### About this exercise
Output only the lines that run from the line holding "Jubelnder Marathonsieger des" to the end of the data below, including both ends, without any pictures.

### Data for review

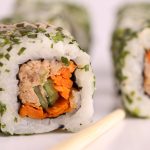 Erleben Sie die Kunst der Erlebnisgastronomie mit dieser Nahaufnahme von Sushi-Rollen mit Reis, Seetang, Thunfisch, Karotte und Avocado, alle garniert mit frisch gehackten Kräutern.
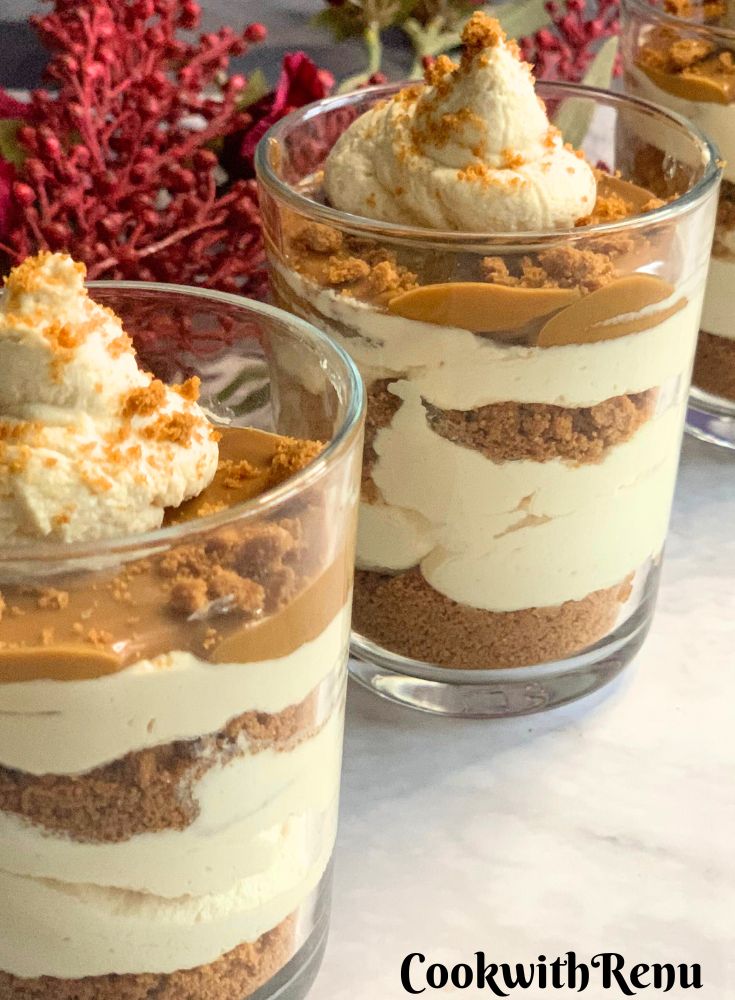 Close-up look of Biscoff Dessert Cups served in small glasses, with artificial flowers in the background.
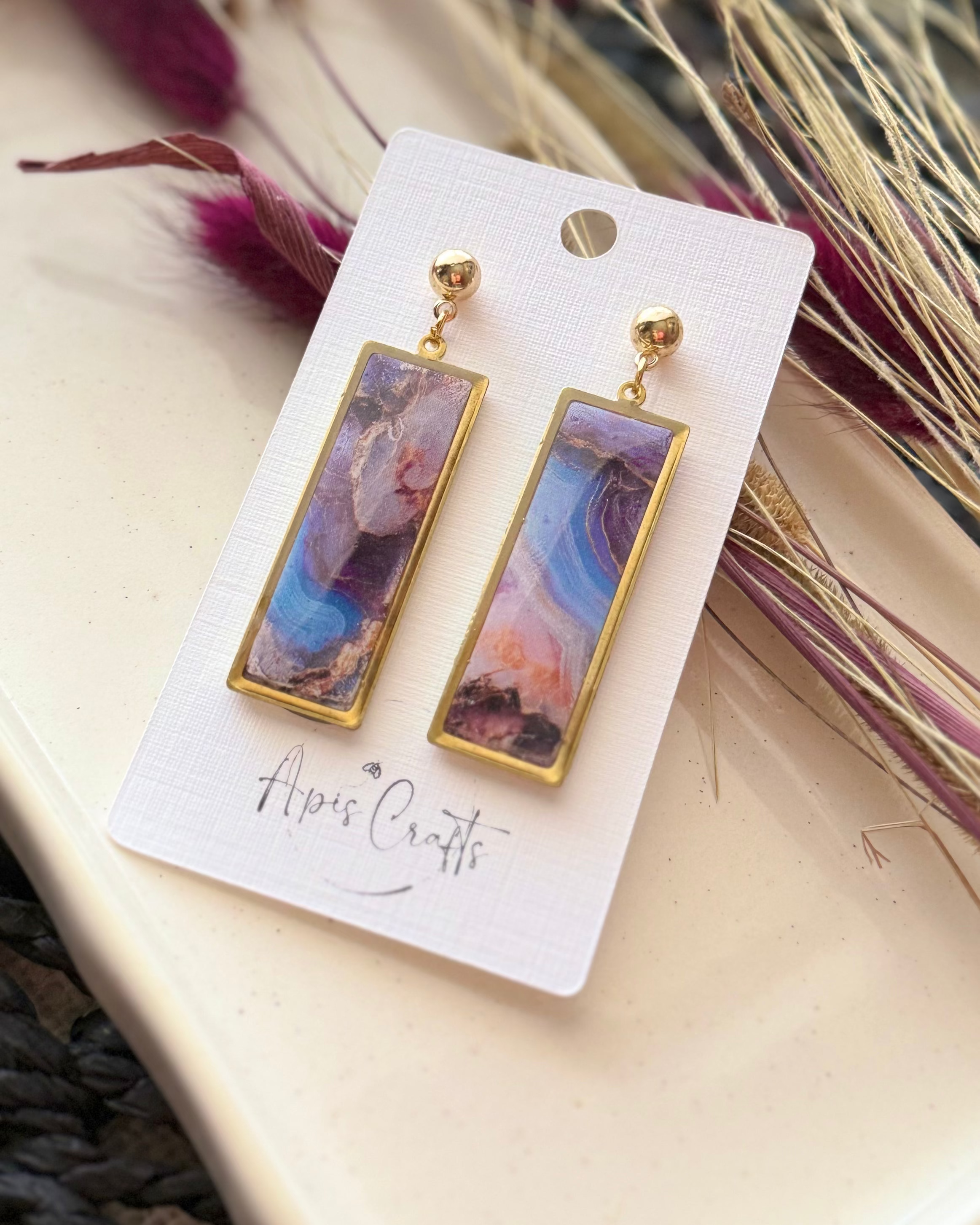 A pair of gold-tone drop earrings with rectangular marbled pendants in purple, blue, pink, and white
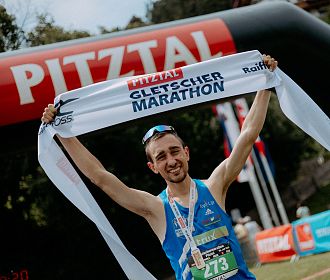 Jubelnder Marathonsieger des Gletschermarathons mit Einlaufband in den Händen.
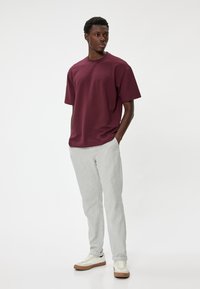 Bordeauxkleurig textuur t-shirt met korte mouwen, gecombineerd met lichtgrijze tapered broek en witte sneakers met bruine zolen. Staande model in profiel.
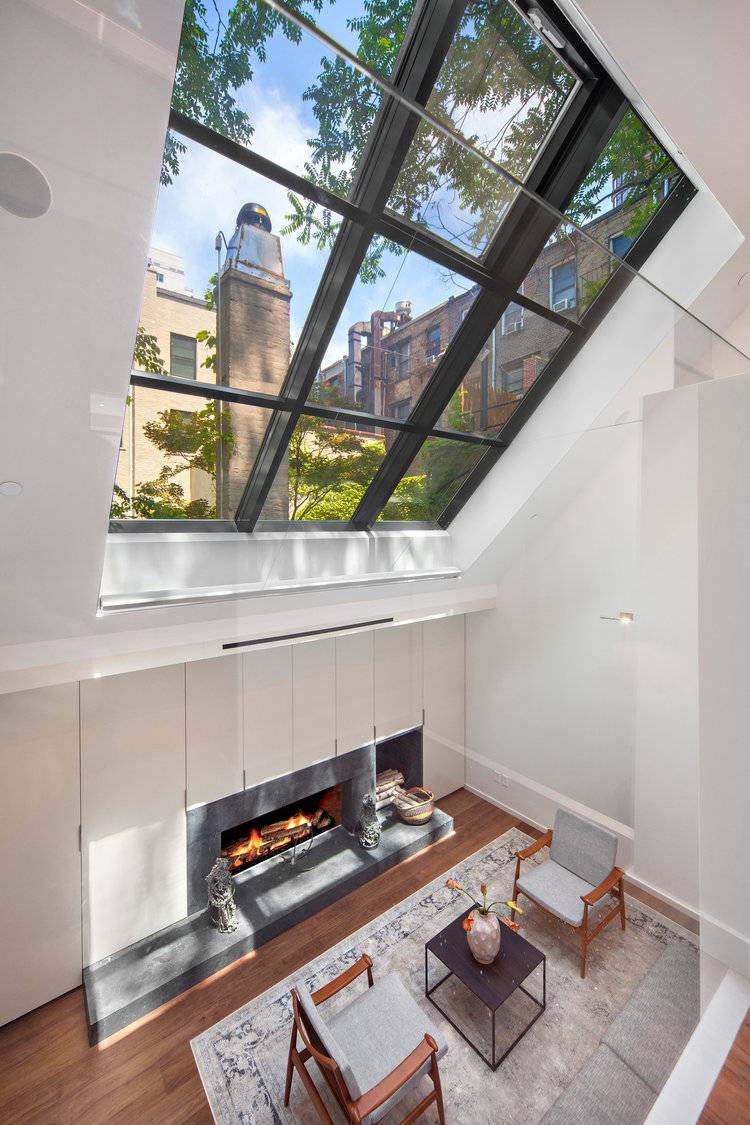 251 EAST 61ST STREET |THE TOWNHOUSE | WITH COVETED ATTACHED CARRIAGE HOUSE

### Output of the exercise
 Jubelnder Marathonsieger des Gletschermarathons mit Einlaufband in den Händen.
 Bordeauxkleurig textuur t-shirt met korte mouwen, gecombineerd met lichtgrijze tapered broek en witte sneakers met bruine zolen. Staande model in profiel.
 251 EAST 61ST STREET |THE TOWNHOUSE | WITH COVETED ATTACHED CARRIAGE HOUSE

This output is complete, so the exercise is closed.